# Anyone seen this symbol before?



## SuddenLife (Jun 2, 2015)

So, I got this pendant at a local store that is a combination of a thrift store and one where you can sell home made stuff. You hire a shelf, you put out your stuff and you can sell things without having to rent an entire building.
Here in Groningen, someone has a shelf with all sorts of funny stuff; gemstones,clusters of crystals, pendants, pretty rad and pretty affordable.
I got myself a pendant for no more than 6 euros that turned out to be sterling silver; it has 925 engraved in the back. 

Now, the thing is, I think the symbol is just some made-up celtic knot with no particular meaning, but I kinda want to be sure, you know? That I don't find out later it's something offensive or what have you.

So I was hoping maybe someone here knows about that sort of thing or has just seen it before.

This is the thing;







(added the wooden beads myself, I just bought the pendant)










Also pen-tooled out the shape, in case that makes it more recognizable;


----------



## Asancta (Jul 28, 2015)

Am not into North/Celtic/Germanic/Viking?whatever mythology but I think it's a shield knot(if it was Kabbalah I would've known lol). It's used for protection and symbolizes the 4 corners,4 elements,4 kings etc etc so no I don't think would be "offensive".If you don't want offensive symbols or to be considered to be part of a "certain" group then stay away from Thor's hammer and the valknut(again if you care lol).

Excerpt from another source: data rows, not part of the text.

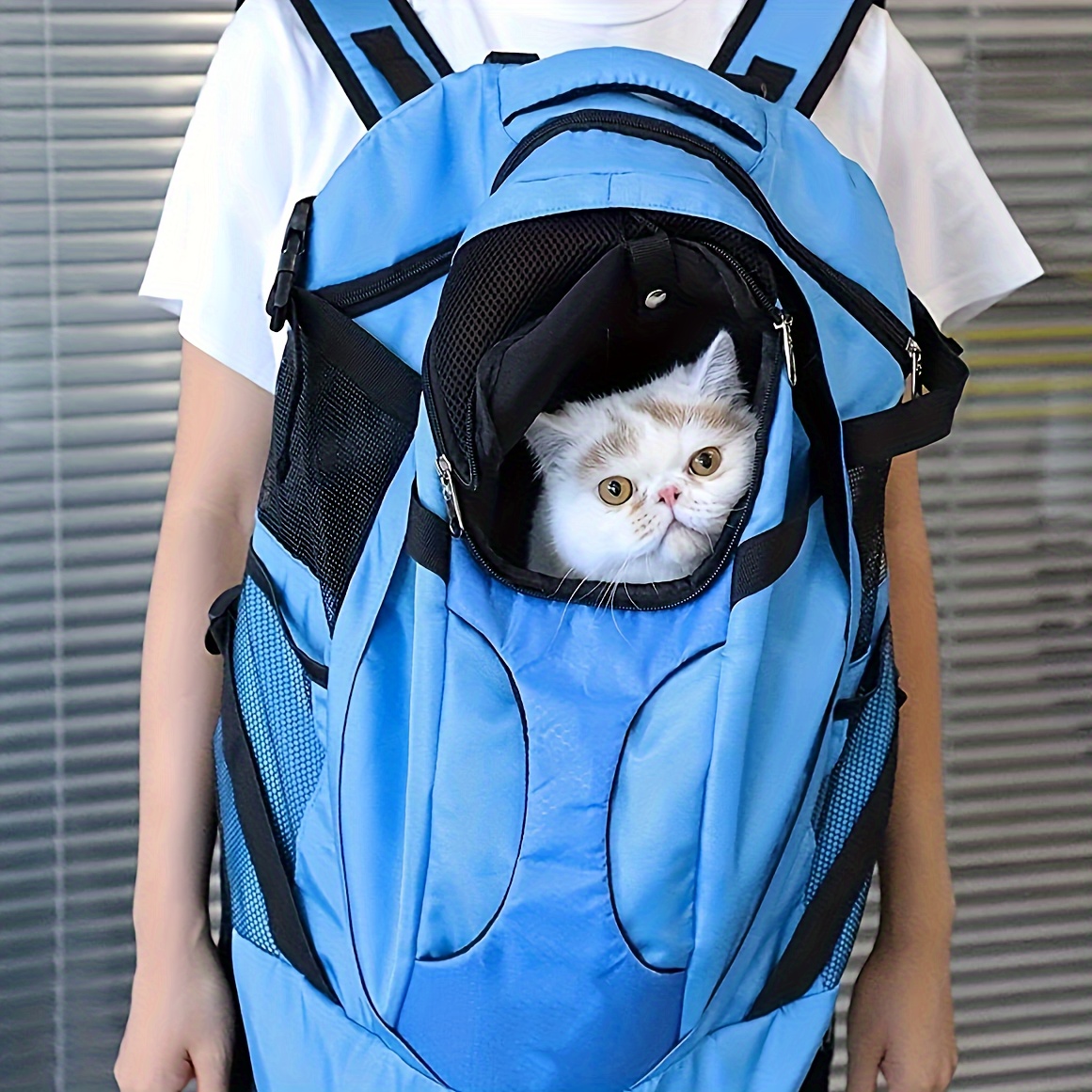 Crossbody Bag Cat Backpack Shopee Backpack Small Medium Dogs Cats - Main Image
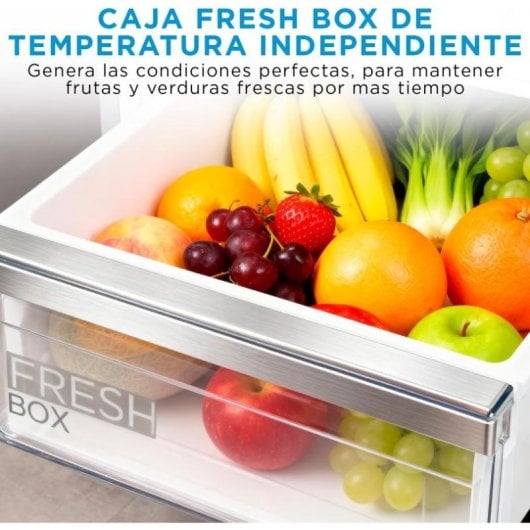 Frigorífico Combi Midea MDRB380FGE01A No Frost 180cm 270L E Blanco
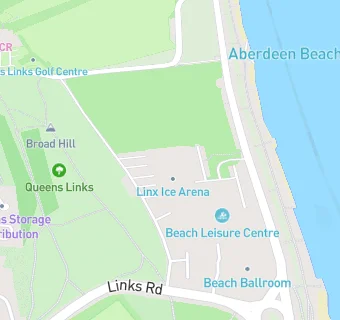 map for ABERDEEN CHILDCARE SERVICES @ BEACH LEISURE CENTRE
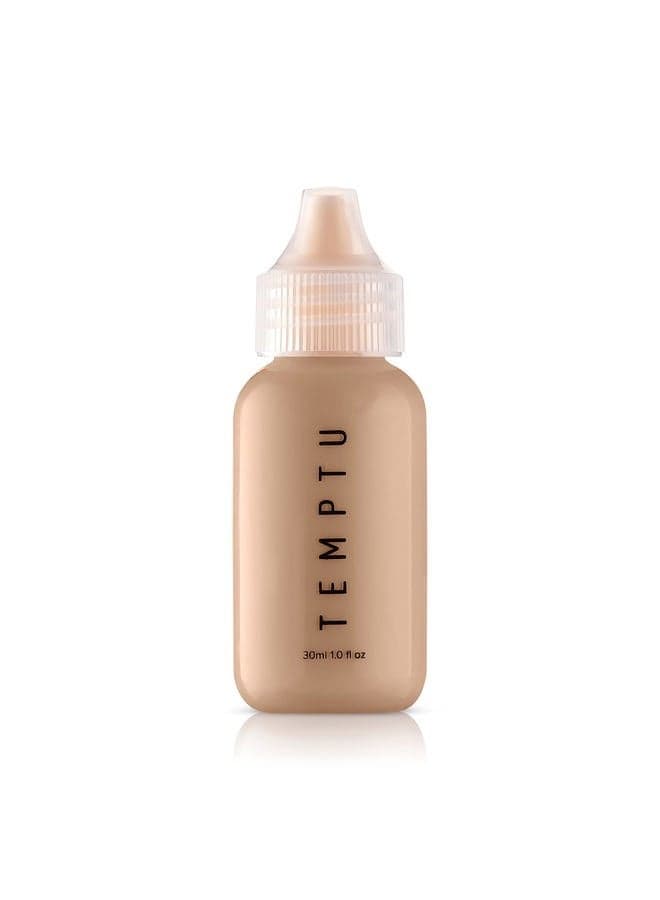 TEMPTU S/B Silicone-Based Airbrush Foundation: Professional Long-Wear Liquid Makeup, Sheer To Full Coverage For A Hydrated, Healthy-Looking Glow & Luminous, Dewy Finish On All Skin Types, 003 Ivory, 1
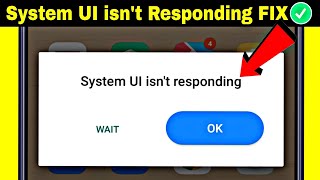 Fix system ui isn't responding android problem 2026 | system ui isn't responding android emulator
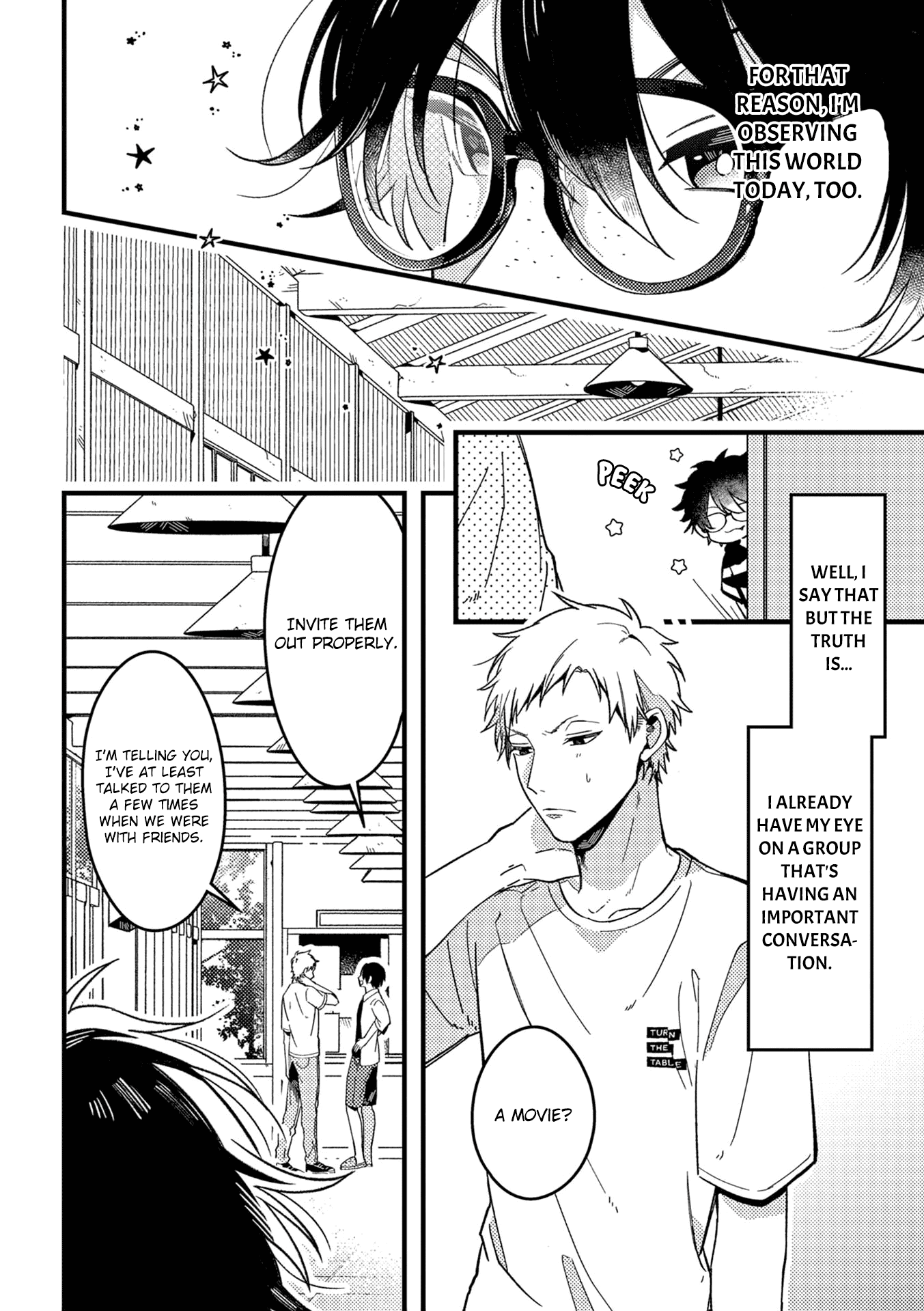 A World Where Everything Definitely Becomes BL vs. The Man Who Definitely Doesn't Want To Be In A BL chapter 28 - page 3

As a foot note=> I might be wrong about this symbol


----------



## SuddenLife (Jun 2, 2015)

Oh, that'd be pretty cool!
Glad it's not something offensive. I wouldn't feel quite right wearing that. 
I know somebody who wears the valknut and I was wondering, why is it offensive?


----------



## TerryCurley (Jan 4, 2015)

It's a really cool necklace whatever the symbol means.


----------



## SuddenLife (Jun 2, 2015)

Thanks!

I added another pendant, because the lower part was too heavy and caused the upper part to tighten. The new thing;


----------



## WoodlandSpirit (Dec 23, 2015)

It looks like a made up symbol.
And BTW you have a pretty neck


----------



## WoodlandSpirit (Dec 23, 2015)

Wait a sec. That reminds me of a Norwegian symbol. Hum, I guess I'll see if I can find him


----------



## Eddieblz (Jun 15, 2013)

I don't think it's a knot at all, because the lines aren't intertwined. The center part looks to be a cross between Victorian, vector and Pempamsie symbols. The meanings range from infinity to a symbol of readiness. The outer area looks to be a cross between oriental and Viking symbols. As far as the meaning... I think Asancta pretty much covered it. 
As and artist who's art has always been steeped in symbolism I'll tell you what I think you have here. This was probably made by a pewter artist who was trying to come up with soom really cool designs to etch or press on medallions so he or she could make a little money selling them at craft stores, swap meets or the type of place that you bought that at. So this particular artist ether went to a library, book store or just googled symbol's and created his or her's own designs putting a mix together from these source materials. I know that's what I do.
Anyway as far as the question of offensiveness. I guess that would be in the eye of the beholder. People seem to take offence to everything from what is being said to how coffee is prepared. In other words, don't wouldn't worry about it. It's your choice if you like it just wear it.


----------



## just (Mar 3, 2015)

WoodlandSpirit said:


> It looks like a made up symbol.
> And BTW you have a pretty neck


Look at you. Flirting on the internet.


----------



## Susan Mulno (Apr 13, 2015)

just said:


> Look at you. Flirting on the internet.


Jusst,....:vs_lol:


----------



## Asancta (Jul 28, 2015)

Oh LOL ...just...saw it...ahahhahaah


----------



## Eddieblz (Jun 15, 2013)

just said:


> Look at you. Flirting on the internet.


:surprise::wink::biggrin::vs_lol::vs_cool:


----------



## Joanne Wood (Oct 17, 2019)

Why is the image blocked?? Is it just me


----------